Garrison information
- Occupants: 101st Air Control Squadron

= Worcester Air National Guard Station =

Worcester Air National Guard Station (also known as Worcester Air Station) is a closed United States Air Force station. It was located in Worcester, Massachusetts, in Green Hill Park. It was the home of the Massachusetts Air National Guard's 101st Air Control Squadron until 16 October 1998.

==History==
Worcester Air Station was located in the Green Hill Park section of Worcester, Massachusetts (50 Skyline Dr Worcester, MA 01605).

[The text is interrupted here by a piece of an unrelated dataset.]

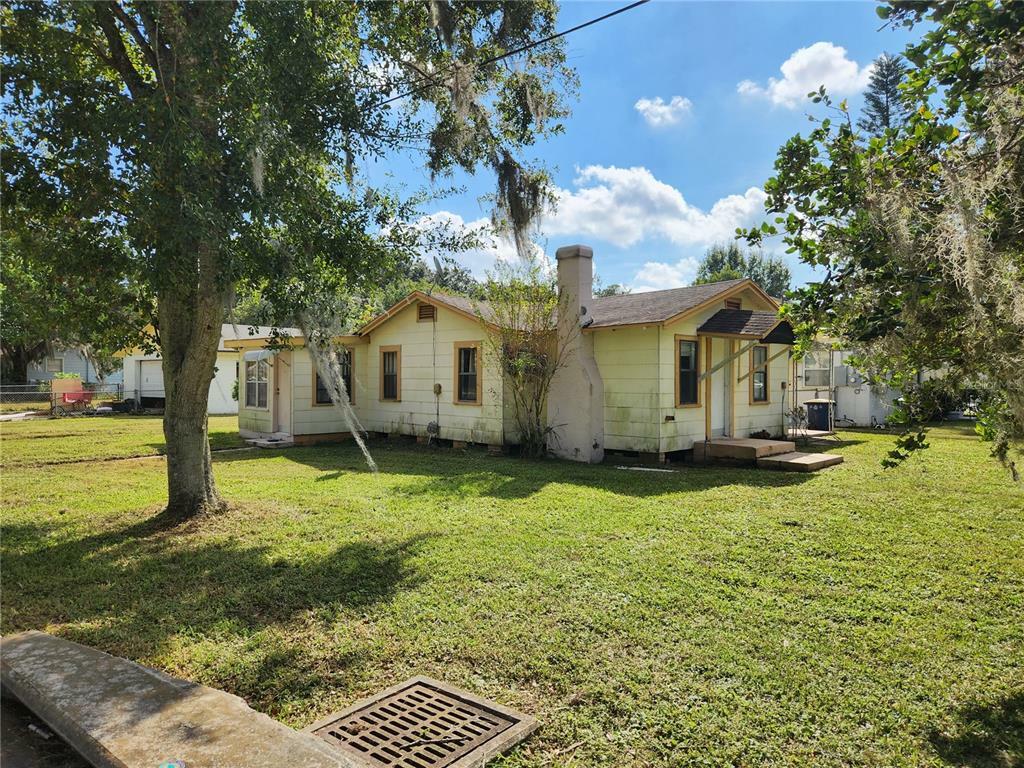 Property Photo:  851 Vineland Road  FL 34787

When the 101st Air Control Squadron was inactivated on 16 October 1998, most of the Worcester Air National Guard Station was handed over to the State of Massachusetts. Today the City of Worcester Worcester Parks, Recreation & Cemetery Division occupies the former 101st Air Control Squadron Headquarters building. The former RADAR tower for the 101st Air Control Squadron can still be seen on the sight in a fenced in area just west of the Parks, Recreation & Cemetery Division building.